Il mastino che faceva paura alla mafia, 31 anni fa l’omicidio Guazzelli
Sono passati trentuno anni dall’omicidio del maresciallo Giuliano Guazzelli, ucciso il 4 aprile 1992 da Cosa nostra nei pressi del bivio del quartiere di Villaseta
Foto di Sandro Catanese
Sono passati trentuno anni dall’omicidio del maresciallo Giuliano Guazzelli, ucciso il 4 aprile 1992 da Cosa nostra nei pressi dello svincolo del quartiere di Villaseta. Questa mattina, come ogni anno, è stata officiata dal cappellano militare Don Salvatore Falzone una messa in memoria del “mastino” nel Santuario di San Calogero di Agrigento. Presenti, oltre i familiari di Guazzelli, anche le più alte cariche civili e militari della provincia. Alle 11 la cerimonia si è spostata proprio nel bivio di Villaseta, il luogo dell’efferato omicidio, dove è stata deposta una corona di alloro alla presenza di un picchetto d’onore tra le note del “silenzio” scandite dal trombettiere del 12° Reggimento Carabinieri “Sicilia”. Grandangolo, anche oggi, ricorda Giuliano Guazzelli con affetto e rabbia.
L’OMICIDIO GUAZZELLI
Sono appena passate le tredici del 4 aprile 1992. E’ sabato, l’aria è calda proprio come una di quelle che si respira in piena estate, le strade sono semi-deserte così come gli uffici, i negozi della via Atenea. Anche il Tribunale di Agrigento (allora situato proprio in fondo al salotto buono della Città) è quasi vuoto. Al primo piano Guazzelli – a capo della polizia giudiziaria – sistema le ultime cose prima di mettersi a bordo della sua Fiat Ritmo color verde, destinazione Menfi (non prima di un ultimo giro veloce in Caserma) dove ad attenderlo c’è la moglie. Ma quel giorno il maresciallo non è solo per le vie di Agrigento. Qualcuno lo sta pedinando a bordo di un motorino, segue i suoi movimenti e li comunica. Stesso percorso di sempre: Tribunale, passaggio rapido in Caserma per poi riprendere la marcia dalla via Gioeni, salendo per la “Standa” e proseguire verso il Ponte Morandi. Proprio al bivio che porta al quartiere di Monserrato riecco apparire quel furgone rubato nello stesso borgo appena quarantotto ore prima: il portellone posteriore del mezzo si apre ed una pioggia di fuoco travolge il maresciallo. Quattordici colpi sul cofano, nove fori sui vetri, il finestrino di destra disintegrato, il viso del maresciallo portato via dal piombo. Lo Stato deve e vuole reagire immediatamente, e lo fa, (sbagliando) seguendo le indicazioni di un discutibile pentito: otto mesi dopo l’esecuzione del maresciallo Guazzelli scatta l’operazione “Mastino” che porta all’arresto di quattro “picciotti” originari di Palma di Montechiaro indicati come esecutori materiali del delittazzo (e condannati all’ergastolo poi annullato). Ci vorrà Alfonso Falzone (pentito dopo esser rimasto ferito in un agguato alla trattoria “Lo Zingaro” del Villaggio Mosè), uno dei killer più freddi e spietati della cosca di Porto Empedocle, a riscrivere la verità di quegli attimi: per l’omicidio sono state inflitte sei condanne definitive al carcere a vita. All’ergastolo sono finiti Salvatore Fragapane, Joseph Focoso, Simone Capizzi, Salvatore Castronovo, Giuseppe Fanara e Gerlandino Messina.

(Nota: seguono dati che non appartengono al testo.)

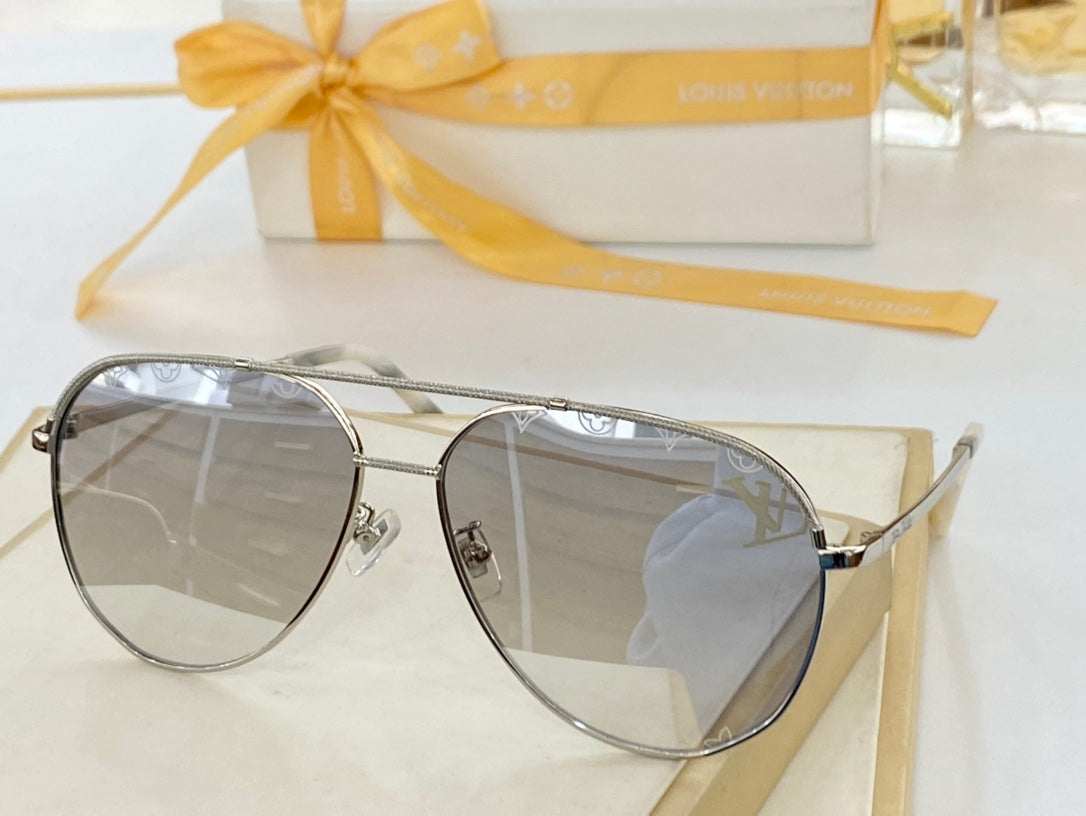 L0vis Vvtt0n Sunglasses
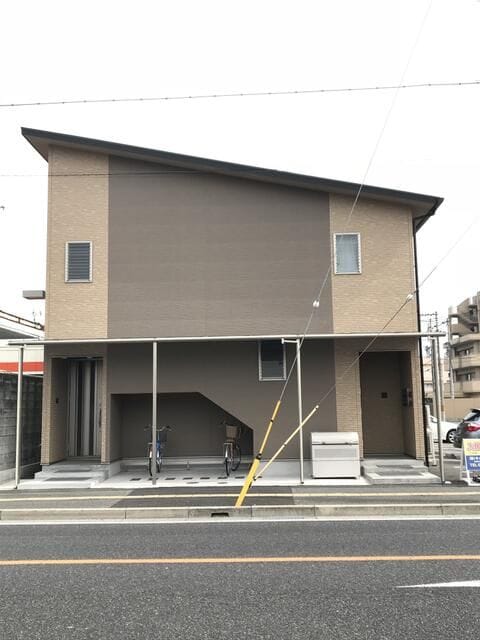 エトランス小松町Ｂの物件外観写真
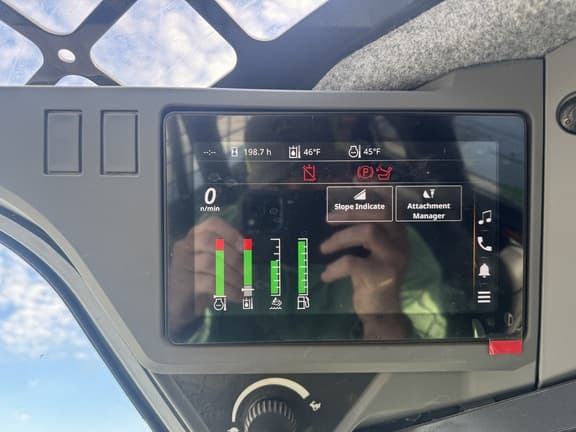 Image of John Deere 333P equipment image 4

Per leggere la storia di Giuliano Guazzelli, il “mastino”, bisogna prendere una boccata d’aria e poi buttare tutto giù in un fiato: dalle indagini sui corleonesi al fianco del colonnello Giuseppe Russo e al maresciallo Vito Jevolella fino all’operazione Santa Barbara, la prima vera offensiva contro la mafia in provincia di Agrigento, passando per la storica collaborazione con la giustizia di Benedetta Bono (“Ninetta scendi che dobbiamo parlare”) amante del boss Carmelo Colletti. Qualcuno, nel corso degli anni, ha provato anche a scalfire l’immagine e la memoria di questo splendido esempio. Ma fortunatamente, anche grazie alla silenziosa battaglia portata avanti da semplici uomini, tutto ciò non è avvenuto.